Pechino, l’inquinamento “è più pericoloso della Sars”

L’inquinamento che avvolge in queste settimane la capitale cinese “è più spaventoso e più pericoloso della Sars. C’erano molti modi per non prendersi quell’infezione, mentre da questo smog non si può scappare in alcun modo”. A parlare è Zhong Nanshan, professore di ingegneria all’Accademia cinese e capo dell’Istituto per le malattie respiratorie di Guangzhou.
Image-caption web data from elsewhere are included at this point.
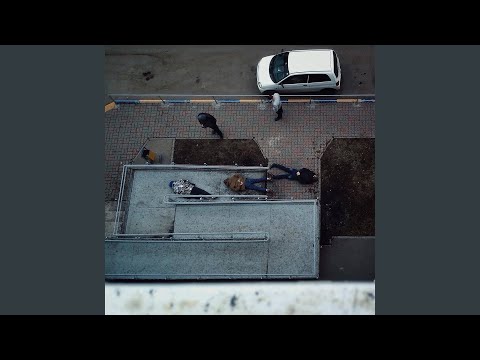 Video thumbnail for На капоте (On the Hood)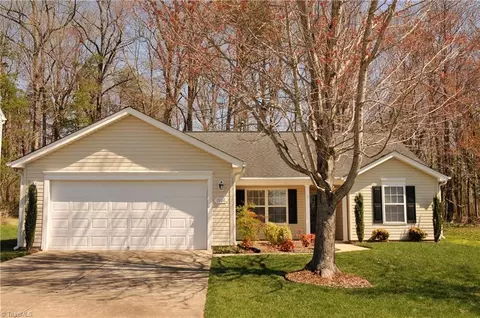 1906 Briar Run Dr, Greensboro, NC 27405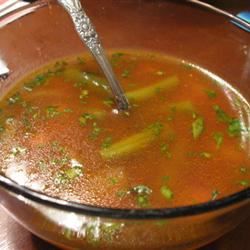 Вегетарианский суп с базиликом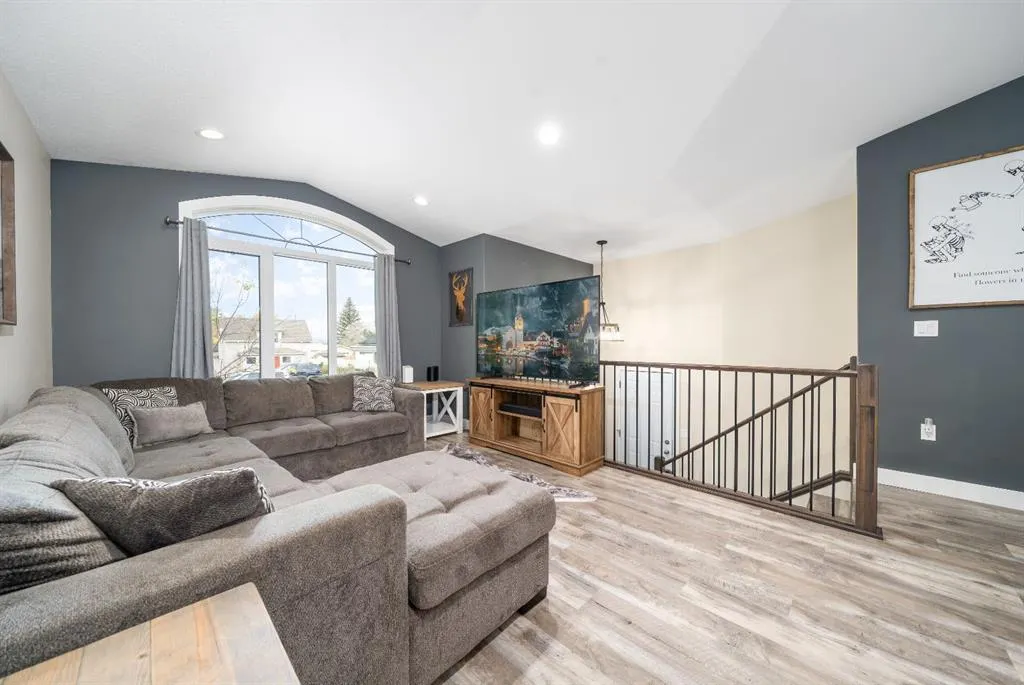 316 3 Street W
La denuncia del docente è stata trasmessa sulla televisione nazionale, segno della preoccupazione dell’esecutivo per l’emergenza che ha colpito Pechino.
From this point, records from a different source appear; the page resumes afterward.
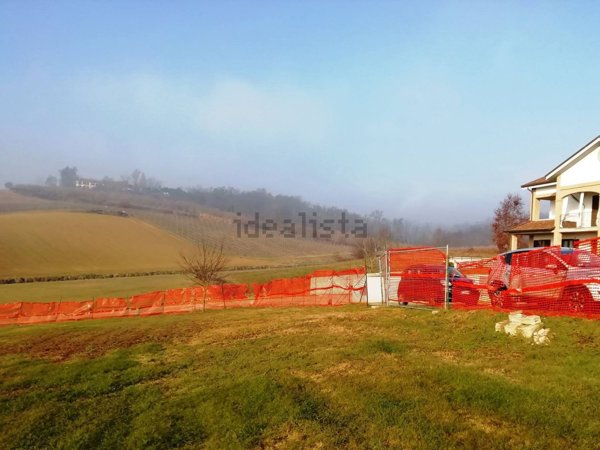 terreno edificabile in vendita ad Asti in zona Stazione di Portacomaro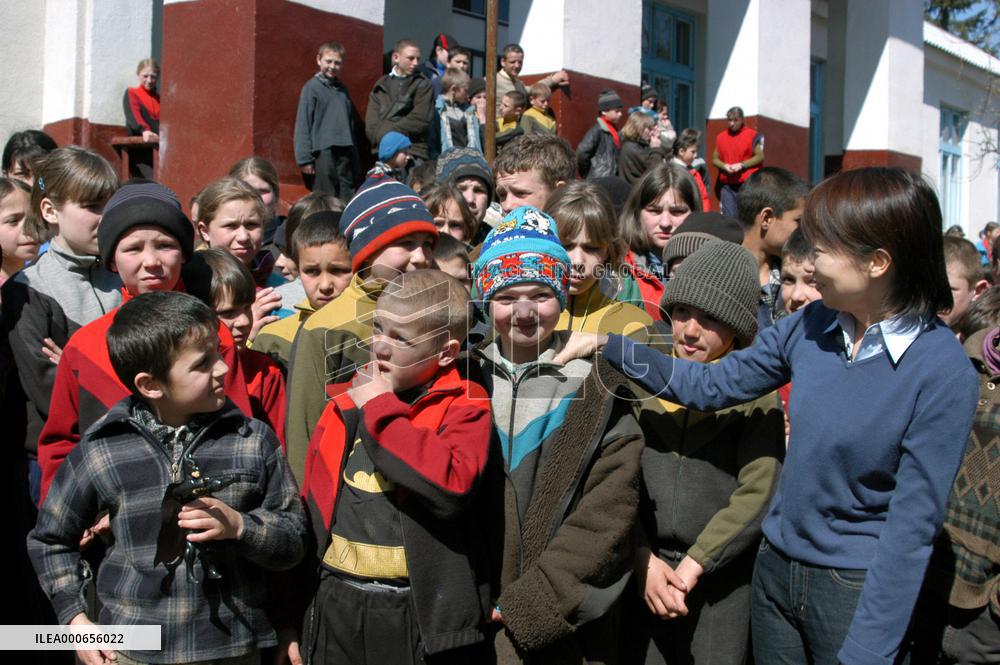 (2)Young girls fall victim to human traffic in Moldova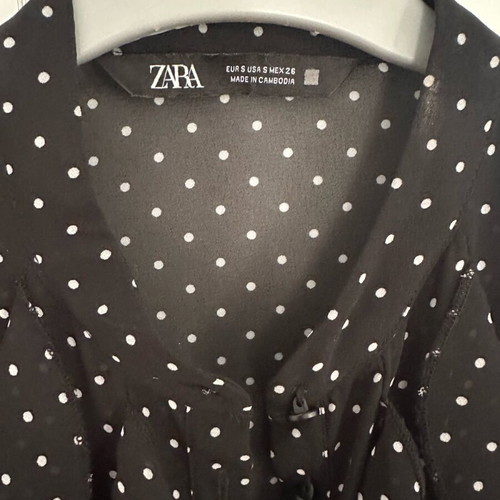 Zara polka dot shirt with ruffles like new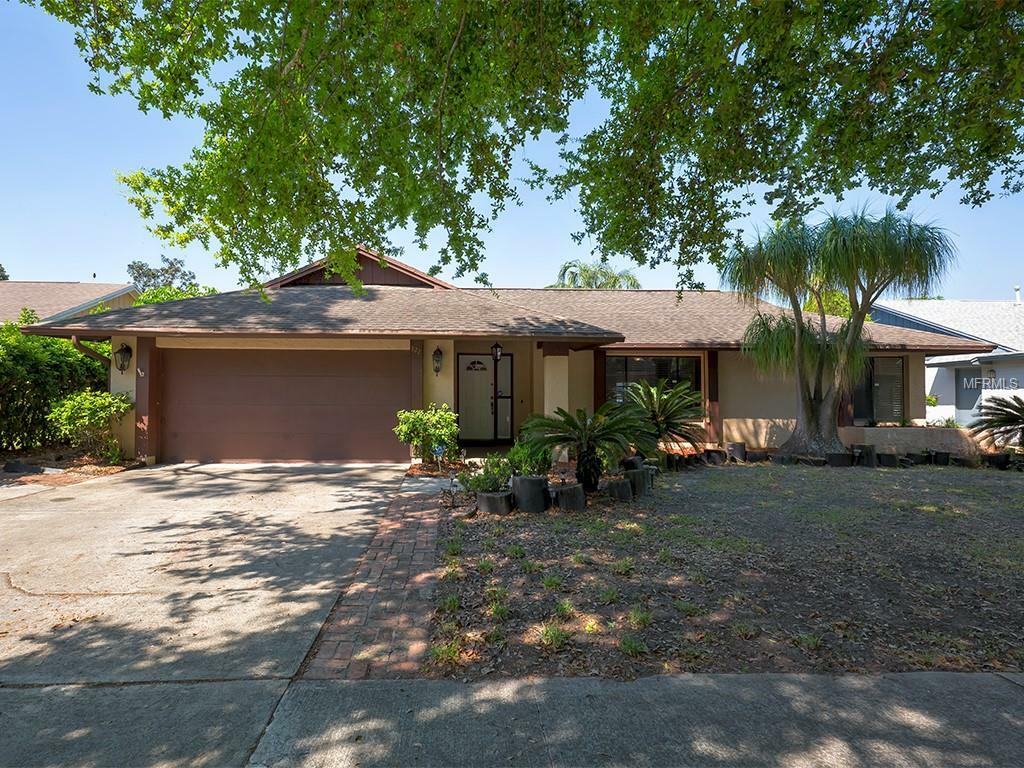 Property Photo: 822 Haulover Drive FL 32714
Nelle ultime tre settimane la città è di fatto invisibile. Una coltre di smog rende impossibili i voli da e per la capitale, e i livelli di PM2,5 (particolato – polveri – disperse nell’aria di 2,5 microgrammi al metro cubo) continuano a oscillare fra i 340 e i 360. Un valore di 100 è considerato pericoloso per la salute di persone con malattie a cuore o polmoni, anziani e bambini. L’Organizzazione mondiale della sanità pone a 20 il limite di normalità dell’aria. Il governo locale ha ordinato la chiusura di alcune fabbriche e ha limitato il traffico, ma senza ottenere successi.
Zhong è noto in Cina per aver guidato le ricerche sperimentali sulla Sars nel 2003 e per aver creato le linee guida per la prevenzione e la gestione dell’infezione nel Guangdong, la sua provincia. Il suo allarme relativo all’inquinamento è concreto: il numero di bambini ricoverati negli ultimi 4 giorni per problemi respiratori è arrivato a quasi 3000, e i medici parlano oramai di “tosse pechinese”. Secondo il Beijing Morning Post, i ricoveri ospedalieri sono aumentati del 20 % nell’ultima settimana, quasi tutti per problemi respiratori.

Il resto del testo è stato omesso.